CHURCH HISTORY PART 3 (First 500 Years) by Mr Mbedzi

in #cheetah7 years ago

Church History Part 3

“Over 60 years ago I went to Cambridge [University in UK] to study theology with view to going into ministry and I didn’t realise that my Faith would be almost destroyed by the study. I tend nowadays to call theological colleges theological cemeteries. Many young Christians have lost their faith through studying theology. They taught me how to read the Bible with a pair of scissors and we were cutting up the Bible into pieces and no much was left…” David Pawson, Minister and Bible teacher for over 60 years.

Christianity originated in the middle east not but western views have messed up our interpretation of the Bible e.g miracles, supernatural acts such as in the Gospels and Acts are explained away (‘cut out’) and said to be unrepeatable. Its intellectual Christianity with very little on living out true Faith. Now we have many theories concerning the last days e.g pre, mid and post tribulation; amillennials, premillennials, post millennials etc. Too complicated? My point exactly!

Its changing slowly so before you attend a Bible school (I am for education) do enough research!

Back to Church history

The First 500 years [Years 1 to 500 AD]

Jesus is born around year 1 AD [*] is baptised in water at 30 (year AD 30) and the Holy Spirit comes upon him after which he recruits 12 disciples and leads a charismatic life (teaching with authority, performing miracles, healing the sick, casting out demons, raising the dead etc) according to Mathew, Mark, Luke and John. He is crucified at 33, buried and rises again three days later, and baptises the First Church with the Holy Spirit 50 days later. Suddenly they too began to be like Jesus in words and deeds – bold, healed cripples, cast demons, raised the dead, dynamically interpreted Scripture, proclaimed the Kingdom of God as the book of Acts narrates up to AD 60.
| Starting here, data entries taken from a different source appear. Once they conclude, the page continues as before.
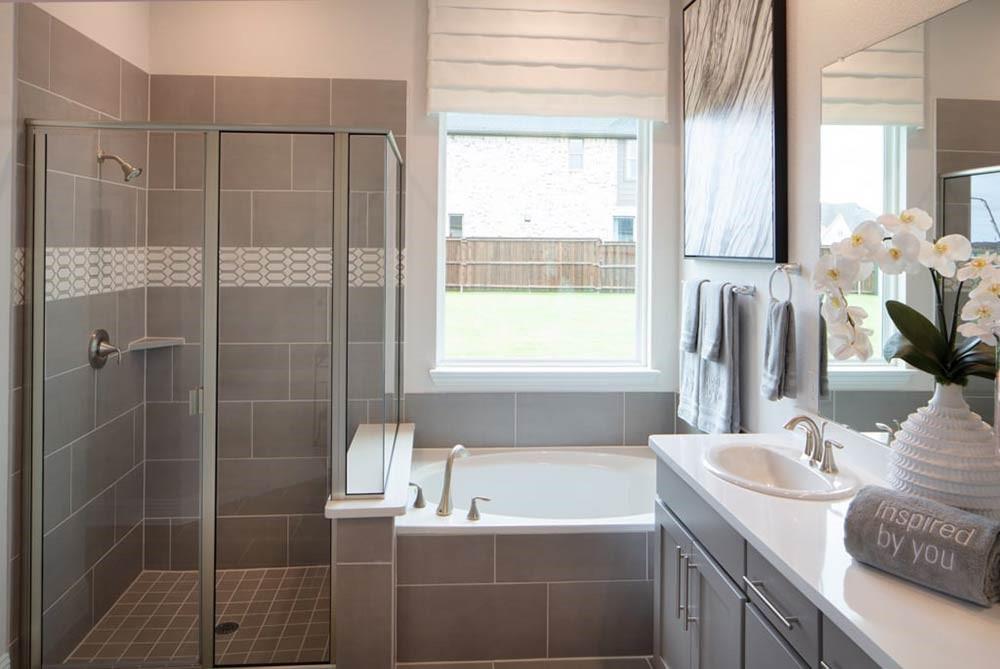 Highland Lakes - Residential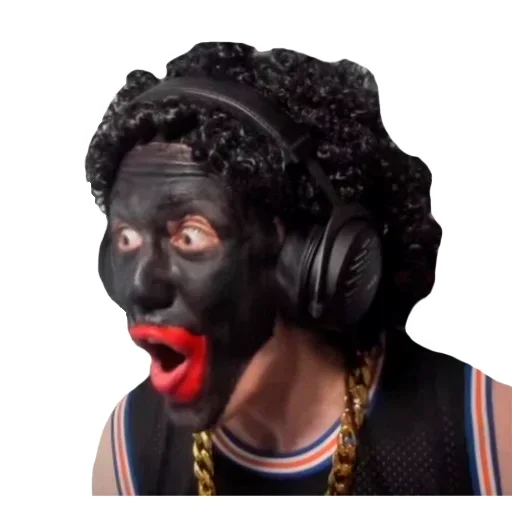 Эмодзи CatBoyKami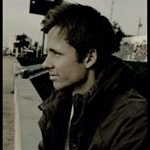 Profile Picture of Thomas Storch (@bigstorchi) on Instagram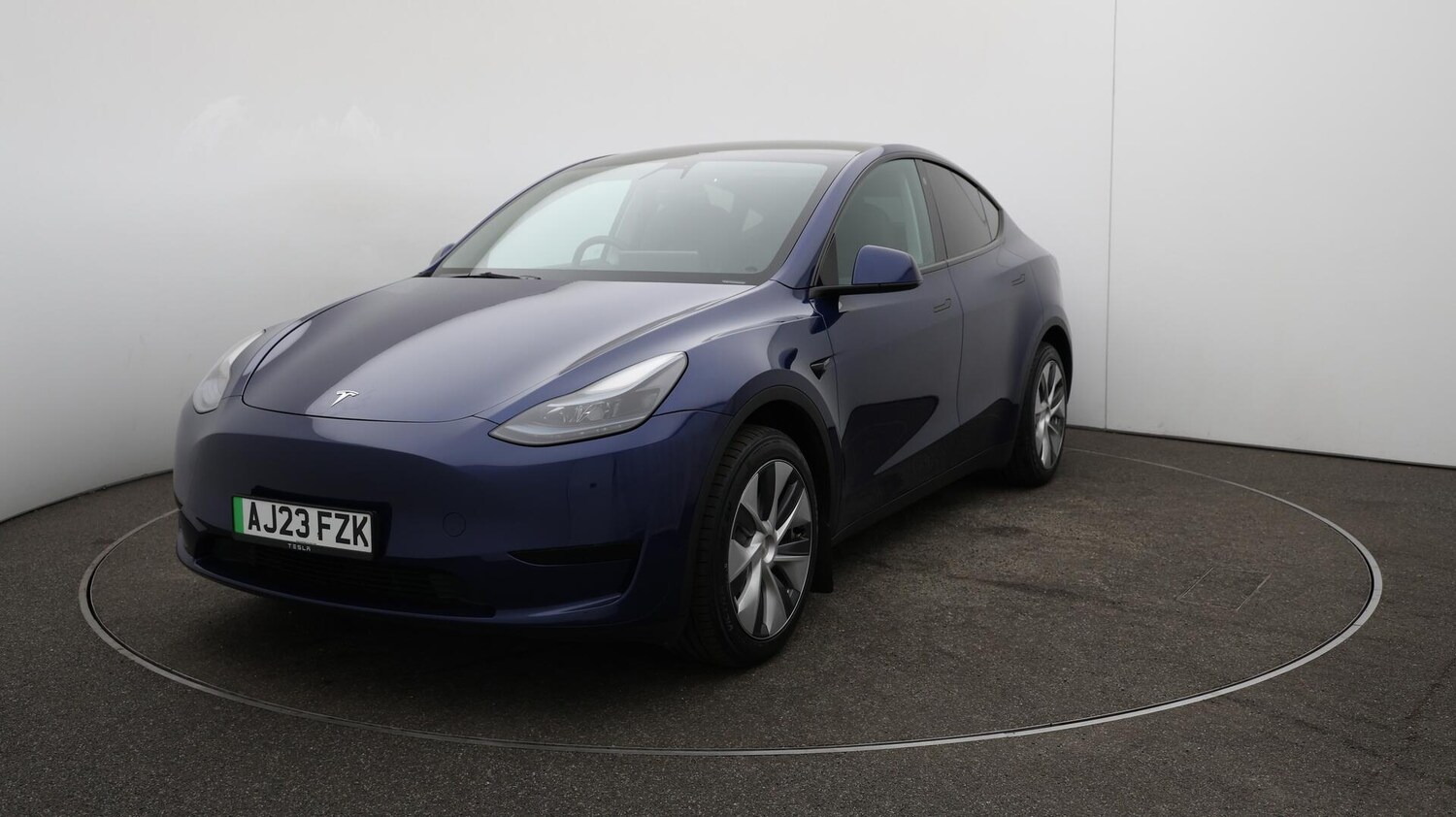 Vehicle 37
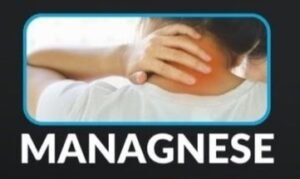 Warning Signs of Mineral Deficiencies6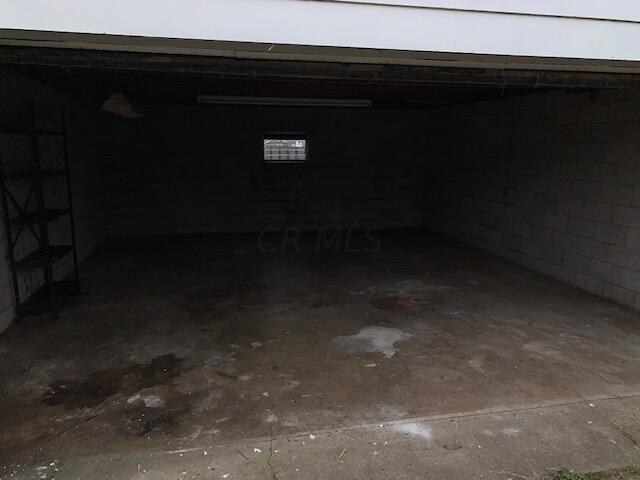 909 Bruckner Road Columbus, OH 43207 - Photo 29 of 29 11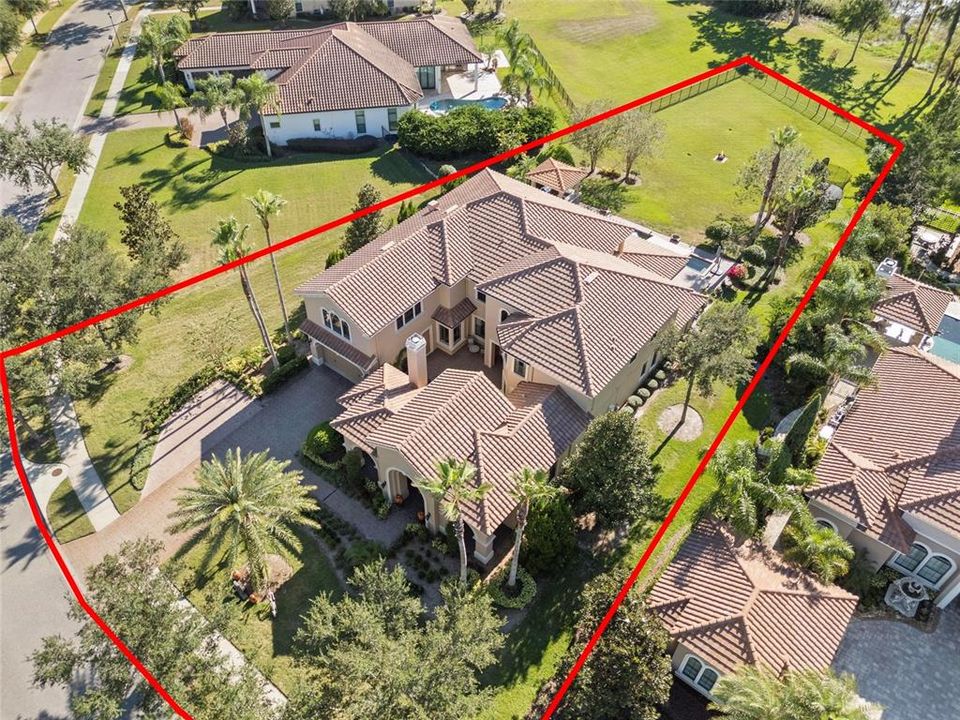 待售: $2,195,000 (5 贝兹, 6 浴室, 5564 平方英尺)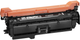 Toner Canon 732 Magenta (4960999909097) - obraz 1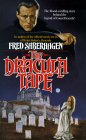 [The Dracula Tape]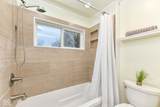 13035 Wembly Road - Photo 37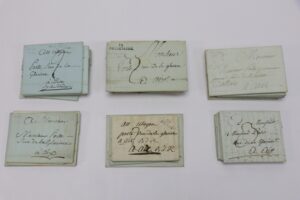 MOA-05102019-N°73-image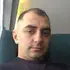 Володимир из Львова, ищу на сайте знакомства на одну ночь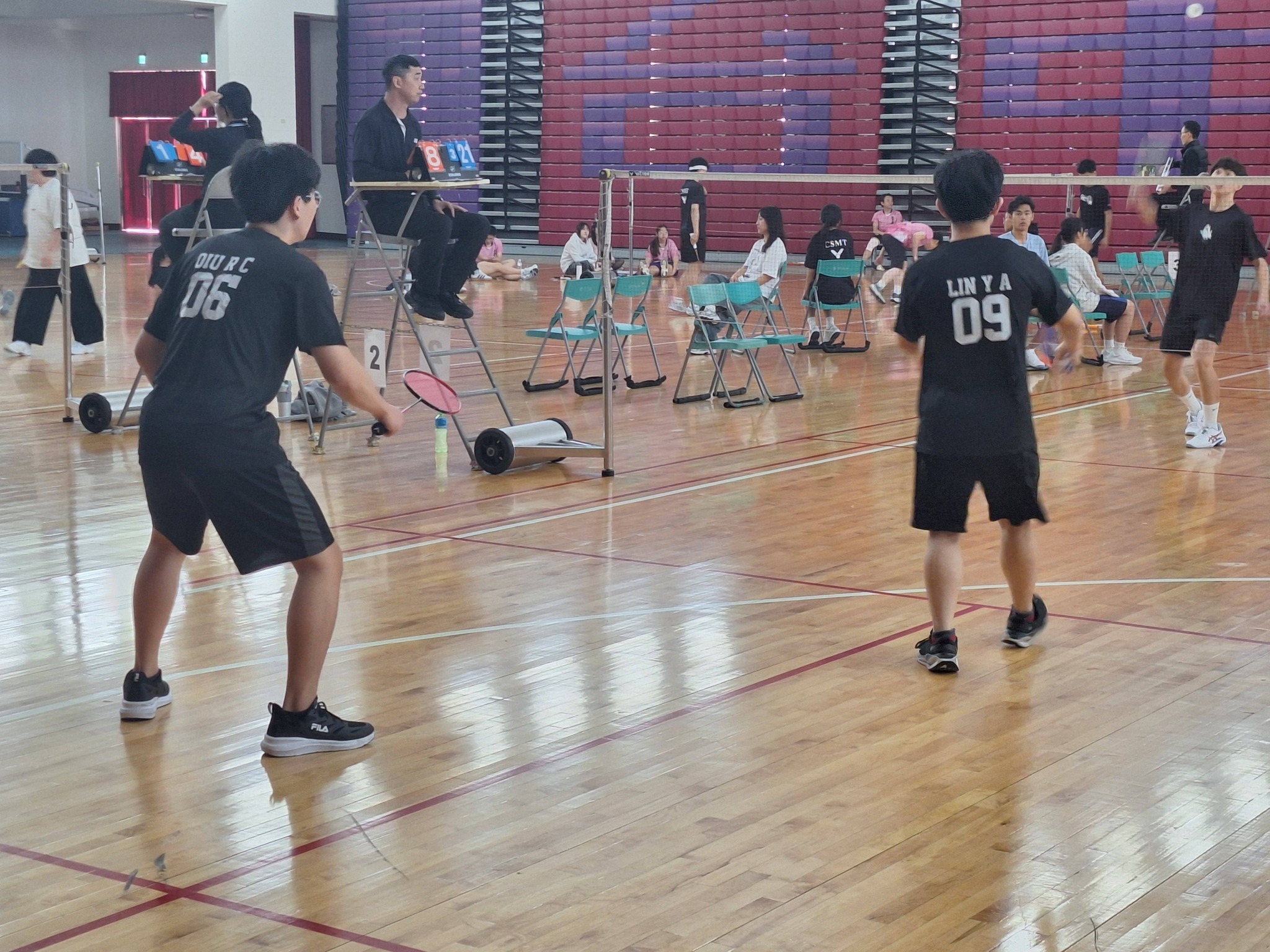 115.1.28~302026第24屆全國醫技盃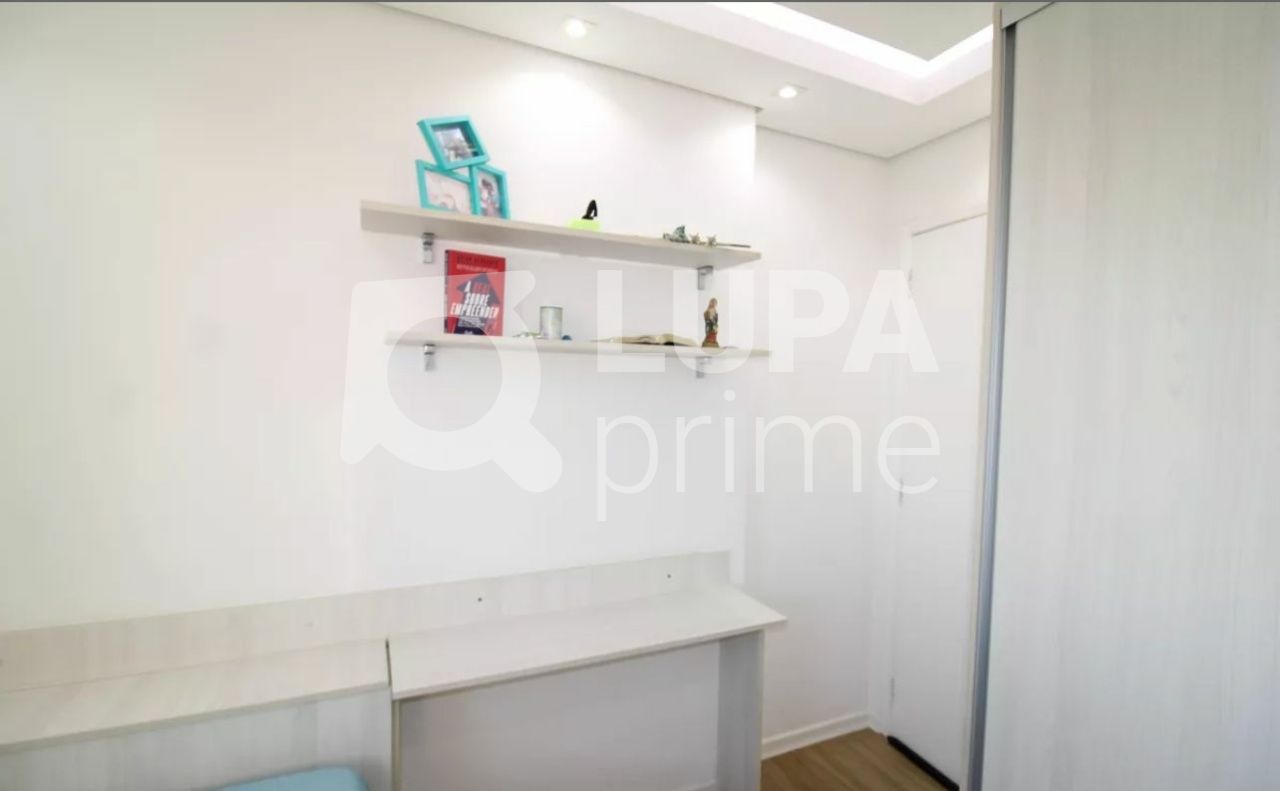 apartamento-venda-sao-paulo-vila-dom-pedro-ii-2dormitorios-1suite-1vaga-58m2-LM30273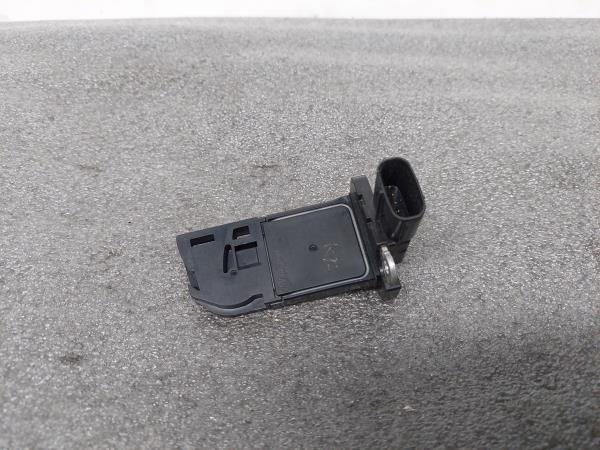 Medidor massa de ar / MAF TOYOTA Corolla Hatchback (_E12_)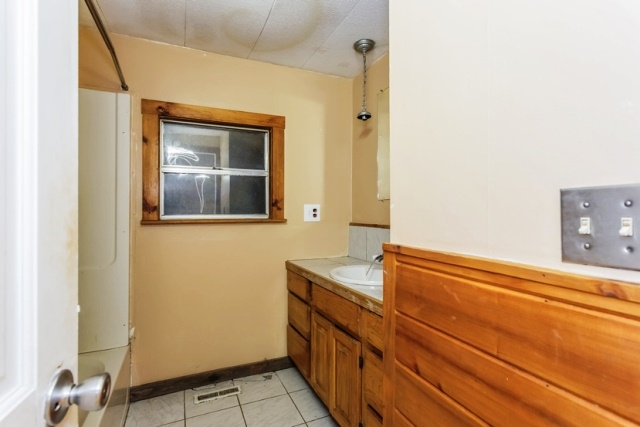 655 Fremont Road Chester, NH 03036 - Photo 24 of 24
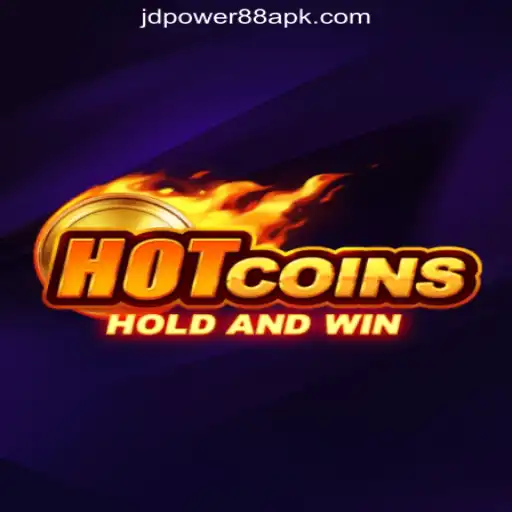 Discover the Thrills of HotCoins: A New Era in Online Gambling
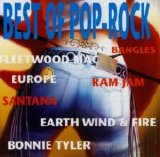 Various artists - Best of Pop-Rock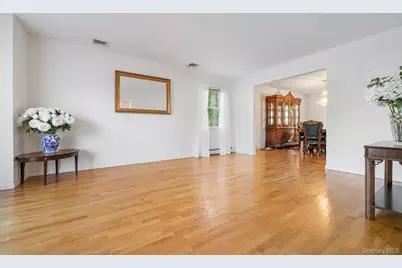 2 Monsignor Brady Court, Blauvelt, NY 10913 - Photo 5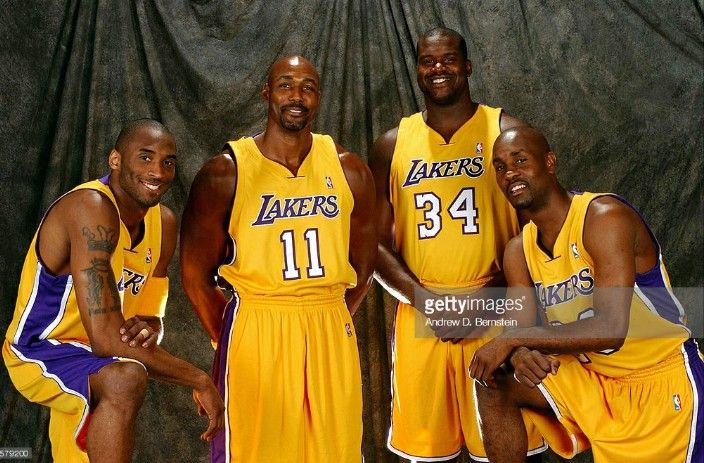 picture of kobe bryant family 2020 picture of kobe bryant family 2020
The Jewish ‘politburo’ decision – with the Holy Spirit - to allow non-Jews (Gentiles) to become Christians without adopting Jewish culture and religious ceremonies like circumcision in Acts 15 was key in Christianity spreading to the whole world. Paul gave it wings.

The Roman empire was the world super power which colonised or ruled Israel, Asia Minor (Turkey Syria etc), north Africa and most of Europe (England, Wales, Portugal, Spain, France, Italy, Austria, Switzerland etc).

In AD 64 the Empire headquarters is burnt and Nero blames it on Christians, persecutes them. ln AD 70 Rome destroyed Jerusalem. By then Christians had suffered unspeakable things. According to church legend, Philip and Andrew were crucified. Bartholomew and James were beheaded. Thomas was stabbed to death in India like Mathew in Ethiopia. Peter was crucified upside down after he refused to be executed like His Master…. Paul’s head was chopped with a sword after he had written so many letters eg Romans, Corinthians, Philippians, Timothy etc.

Apostle John lives to old age, is thrown into boiling oil but survives, is imprisoned in Patmos island where he wrote Revelation, the last book of the Bible around AD 95.

The book of Revelation became a source of comfort/inspiration for the waves of persecution in the next 200 years when Christianity was an illegal religion just as it inspires the Church in China, middle east and many underground churches across the world today.

Many were tortured, skinned and burnt alive, dragged by horses as a sport, thrown to beasts for refusing to say “Caesar is lord” or to let Christ be counted with other gods/religions and for refusing to make state sacrifices as demanded.

And some gave in / sold out, bribed the officials to survive, and later some compromised truth to fit the intellect.

By the year AD 200 the First Church (earliest) letters and writings had been compiled into the New Testament to be the primary reference for battles against doctrinal corruption, Gnostics (intellectual religion) and false prophets/apostles.

Christian writers like Tertullian emerged and fought with their pens. They organised conferences or councils to discuss the key issues that later led to popular memorised confessions called creeds.

If we had time and space we would talk about the likes of Decius in 250 AD, Dicletian Persecution 303 AD etc.

In AD 312 Roman Emperor Constantine got converted to Christianity and for the first time in centuries Christians were tolerated, ending the physical persecutions and sufferings but not the mental (information wars?) and spiritual battles.

As a Christian Constantine organised the Nicaean council – a conference over whether Jesus was Man or God. In year 388 AD Christianity became the only official religion or state church of the whole empire and by 500 AD most fierce battles had ceased [ and absence of major persecutions?] seemed to be slowing her fire and vitality.

Footnote* There is about 3 to 4 years difference depending on the calendars.
AD stands for Anno Domini which means the year (of the BIRTH) of our Lord NOT After Death.